Latino advocacy groups roll out voter registration drive
Tyche Hendricks, Chronicle Staff Writer
Wednesday, November 14, 2007

Claudia Galarza, a 25-year-old school secretary in Pittsburg, became a U.S. citizen in January and is eager to cast the first vote of her life for Hillary Rodham Clinton in the Democratic presidential primary in February.

"I really want to make a difference," said Galarza, who came here from Mexico at the age of 6. "My main concern is the war, because I believe it's messing up the economy. The second one would be immigration, to help some of the people who've been here a long time that don't have any documents."

Galarza is among hundreds of thousands of new U.S. citizens who are the focus of a high-profile voter registration drive being rolled out Wednesday by several national Latino advocacy groups who sense a historic opportunity to dramatically increase Latino voting strength for the 2008 presidential election.

The campaign will build on a surge in new citizenship applications over the past year, driven in part by the huge immigrant rights marches in the spring of 2006 and in part by a steep jump in the citizenship application fee this summer.

"We're at a fork in the road - we've got to take it," said William Ramos, director of the Washington, D.C., office of the National Association of Latino Elected and Appointed Officials, paraphrasing Yogi Berra. "The fork is: Do we as a community realize the power we have in participation, or do we stay dormant? We showed we had the power in mobilizing through the marches. We said, 'Hoy marchamos, mañana votamos.' ('Today we march, tomorrow we vote.') Well, this is mañana."

Latinos comprised almost 6 percent of voters nationally in the 2006 midterm election. But Latinos make up close to 9 percent of eligible voters, and their participation still lags behind voter turnout in other racial and ethnic groups.

Ramos' group partnered with the National Council of La Raza and major Spanish-language newspapers and television networks to motivate hundreds of thousands of Spanish-speaking immigrants who are legal permanent residents to become naturalized citizens.

The number of applications received by U.S. Citizenship and Immigration Services passed 1.1 million for the fiscal year ended Sept. 30, up 55 percent from the year before. Citizenship petitions continued to surge even after the 69 percent fee increase went into effect at the end of July.

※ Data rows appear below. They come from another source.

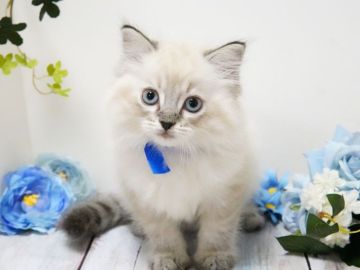 ラガマフィン【神奈川県・男の子・2022年3月28日・シールリンクスポイント（ロング）】の写真「明るく社交的なごきげん君♪」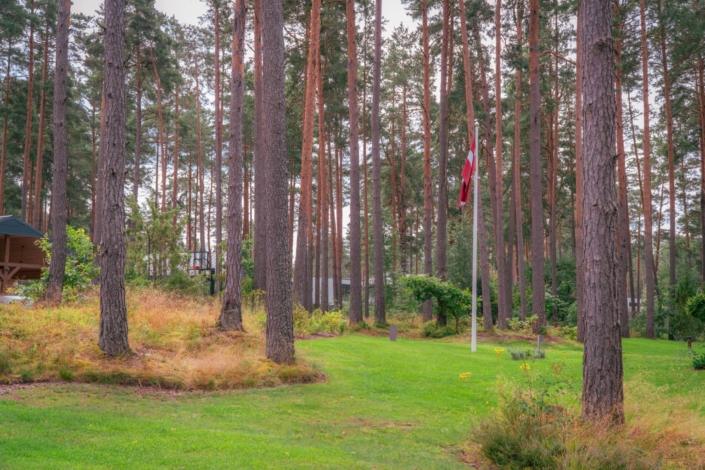 darzs-marsilos-A6708033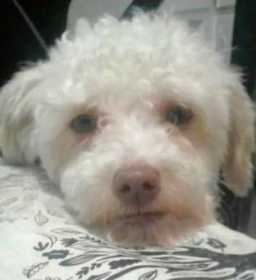 Lost Dog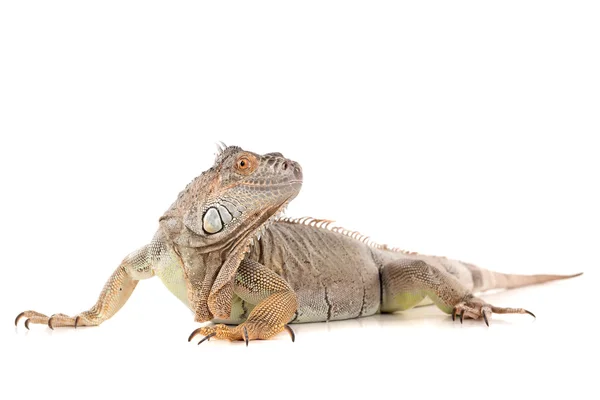 Iguana gyíkok, hüllő — Stock Fotó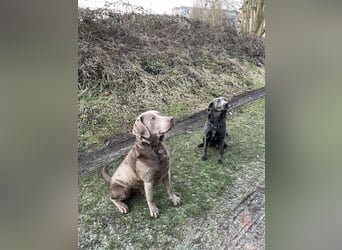 Labrador Welpen Weibchen Silber  Mädchen NRW Düsseldorf Viersen Köln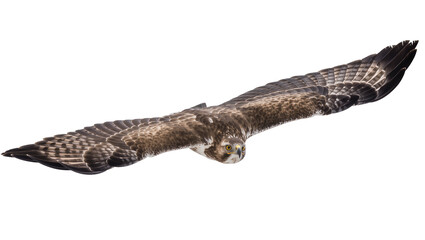 Fototapeta premium Bird of prey with wings spread wide in flight
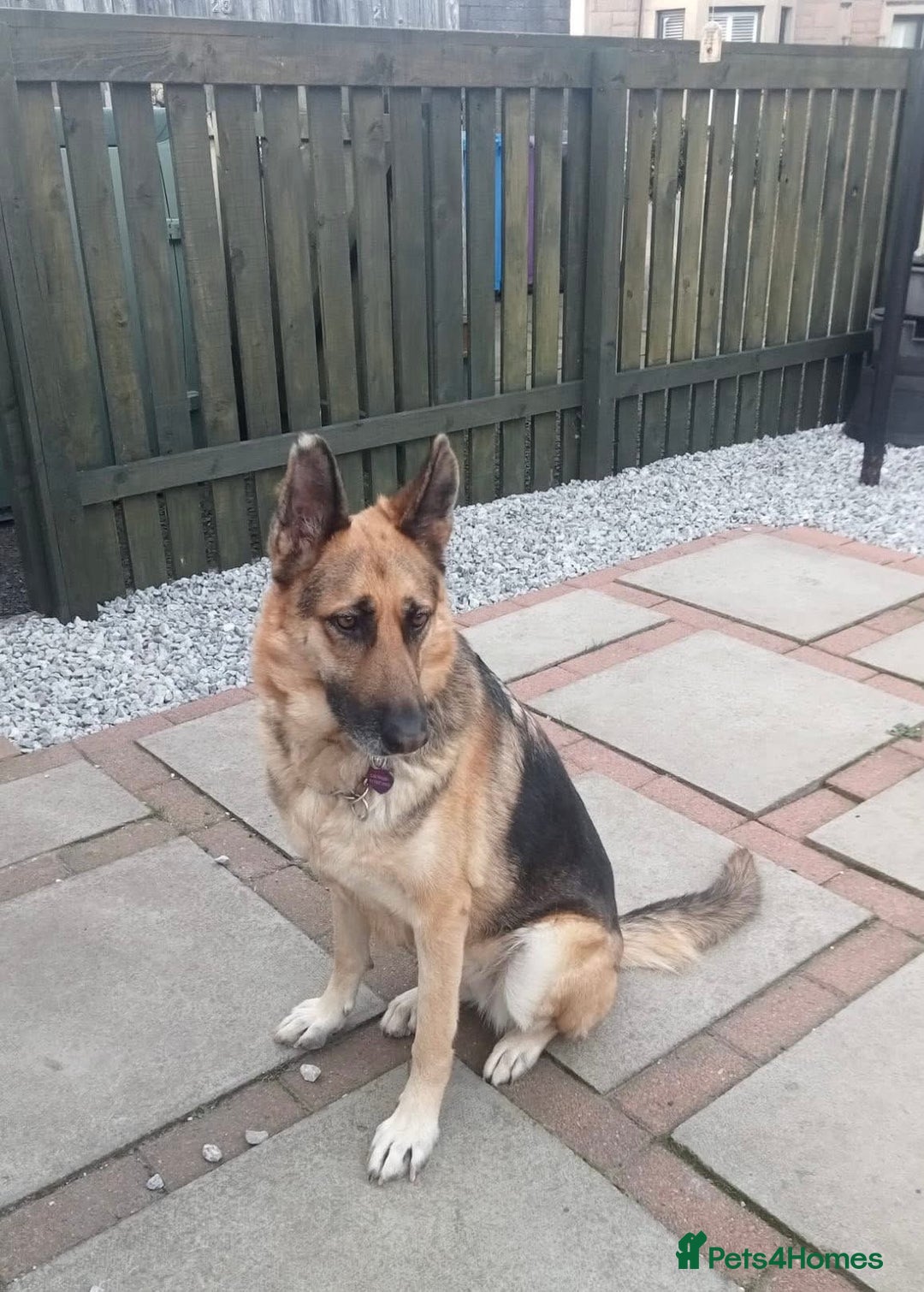 Mixed Breed dogs for adoption: Jessica stunning German Shepherd  - Image 3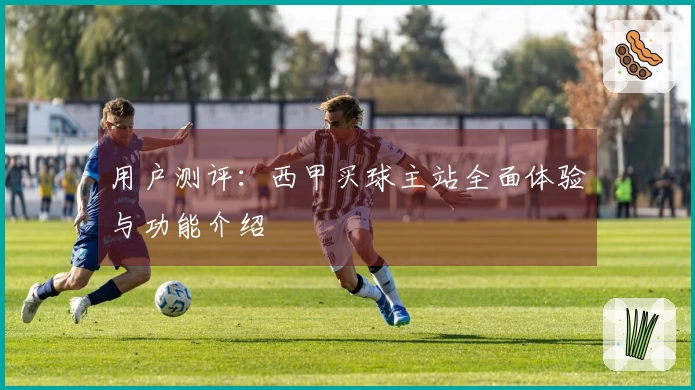 用户测评：西甲买球主站全面体验与功能介绍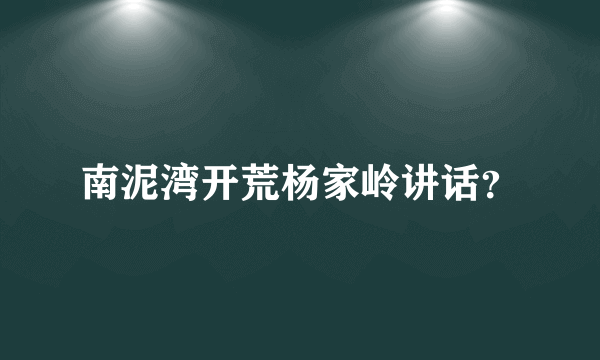 南泥湾开荒杨家岭讲话？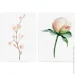 Tatton.Me   Rose Spring set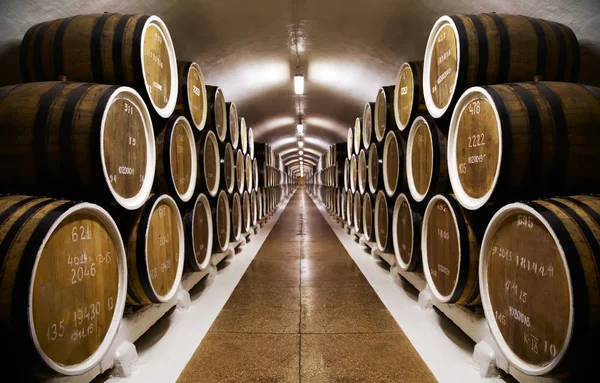 Σειρές από τα βαρέλια του κρασιού σε ένα υπόγειο υπόγειο θάλαμο — Φωτογραφία Αρχείου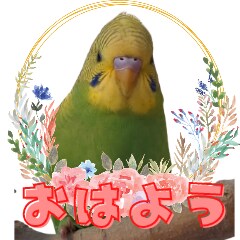 ペットの写真をかわいいラインスタンプにします ペットのオリジナルラインスタンプを低価格でお作りします イメージ8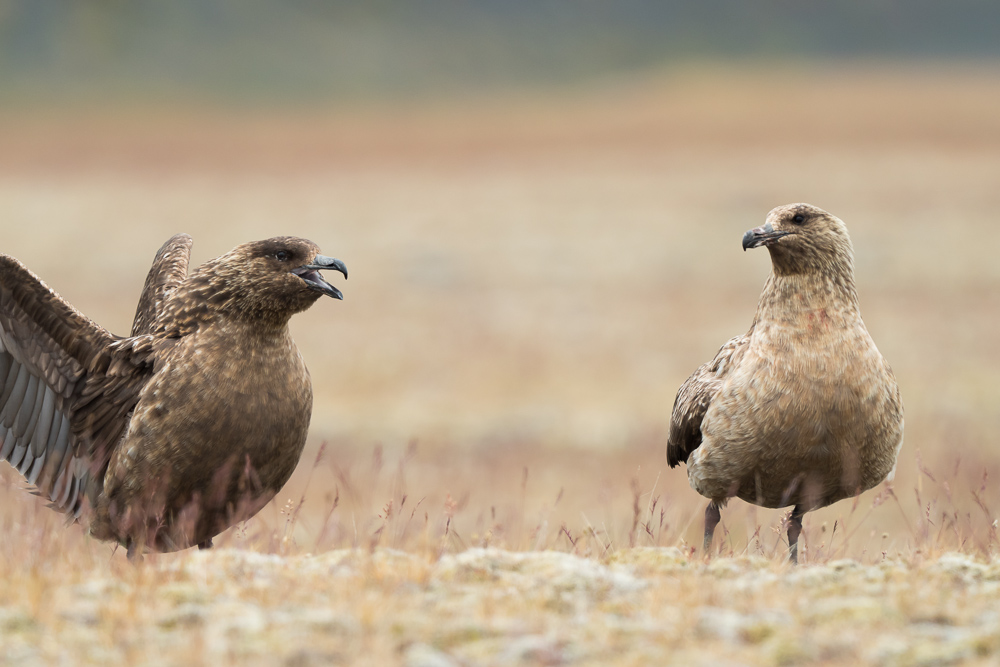 Chaluha velká - Catharacta skua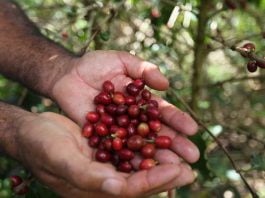 Foto mostra grãs de café na mão de um homem. Ao fundo, uma plantação. - Workshop do Café
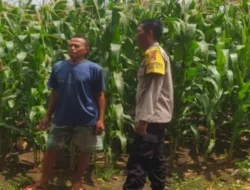 Polsek Sekotong Kawal Ketahanan Pangan di Desa Batu Putih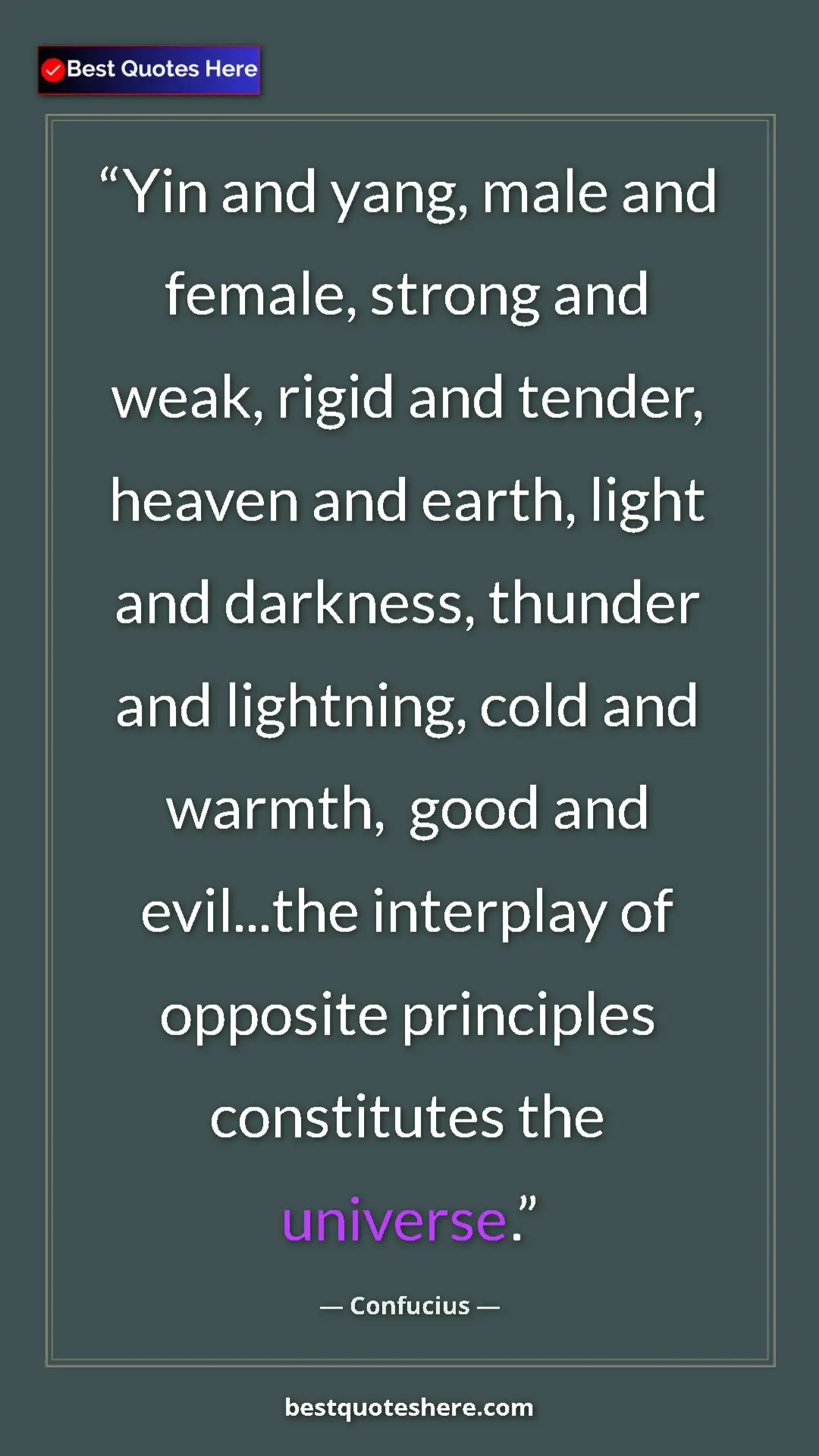 Pinterest quote poster by Confucius: "Yin and yang, male and female, strong and weak, rigid and..."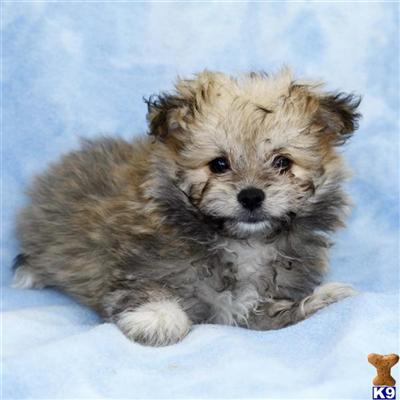 Mixed Breed Puppies for Sale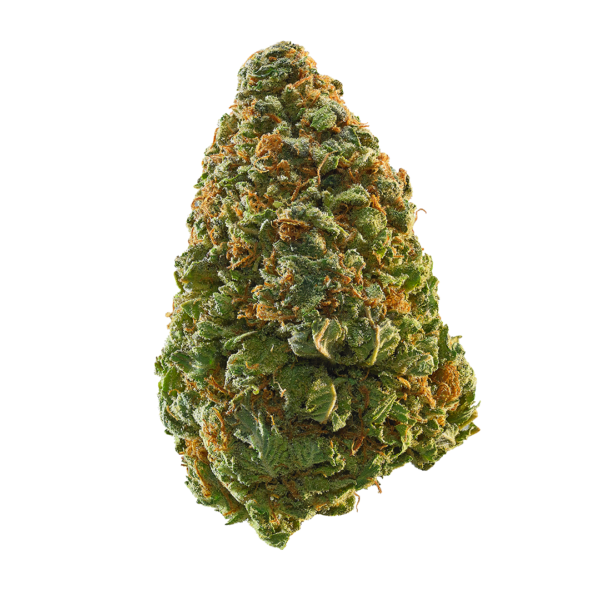 Green Crack weed strain , Buy Green Crack weed strain, Buy Green Crack weed strain online, Buy Green Crack weed strain Australia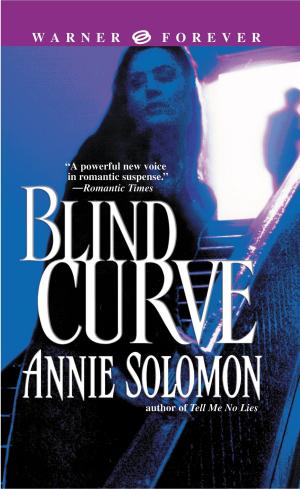 Cover of the book Blind Curve by Liz Maverick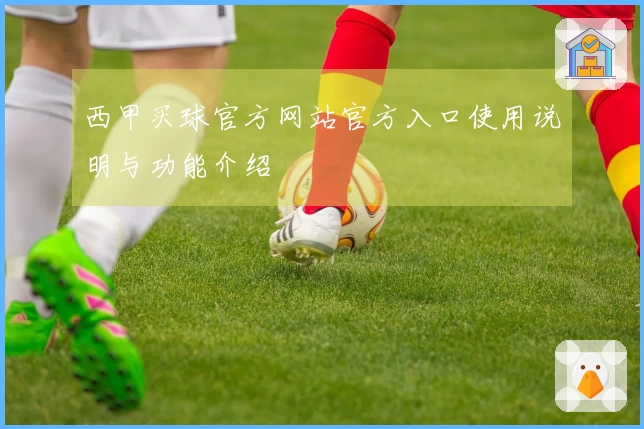 西甲买球官方网站官方入口使用说明与功能介绍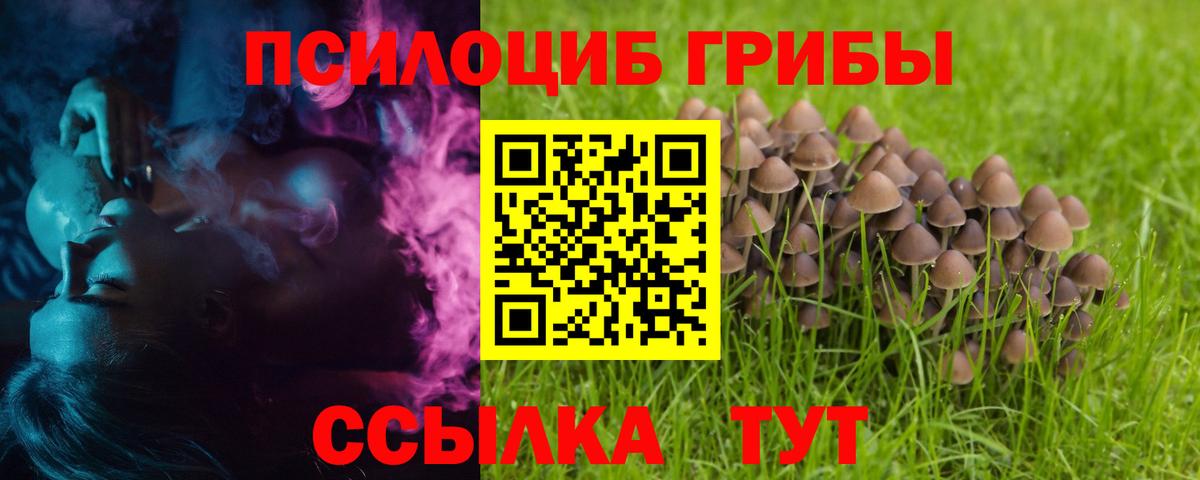 Новотроицк  Псилоцибиновые грибы Cubensis  купить   Вход с VPN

Annual citizenship applications have only exceeded 1 million twice before in the last century - in 1996 and 1997 - after the passage of California's Proposition 187, a measure widely viewed as anti-immigrant by Latinos, who were spurred to become voters.

Now the nonpartisan Latino advocacy groups hope to encourage the new citizens, as well as young U.S.-born Latinos and those who are infrequent voters, to get registered and go to the polls. To do so they're combining grassroots organizing with a stepped-up use of the airwaves.

"There will be local coalitions of organizations working together, and the media will be laid on top of that," said Lindsay Daniels, coordinator of NCLR's Latino empowerment and advocacy project. "We'll be giving people information about voter registration, why it's important, what the steps in the process are, explaining absentee voting, talking about deadlines, understanding voting machines, and giving information about where to go in the community to get help."

Spanish-language media, such as the Univision network, have an excellent track record in providing such public service information to their viewers, said Daniel. And many new citizens, although they know English, are still more comfortable getting news in Spanish.

The nation's immigration reform debate, and the desire for a more inclusive immigration policy, has motivated Latin American immigrants to naturalize in large numbers, said Louis DiSipio, a professor of political science at UC Irvine with a focus on Latinos and politics.

"It's a very clear parallel to the mid-'90s," said DiSipio. "We're going to see a couple more years of churning on immigration (legislation). And the constant news reports of somebody saying something offensive about immigrants encourages Latinos to apply for naturalization and to turn out in high numbers."

While immigration is an issue that pushes Latinos to vote, said NALEO's Ramos, polls have shown it's not the main concern Latino voters use in evaluating candidates.

"No. 1 is education, followed by jobs and the war in Iraq," he said. "The Latino community is not homogenous. We've matured as a voting community ... and this is not a population that either of the parties can take for granted."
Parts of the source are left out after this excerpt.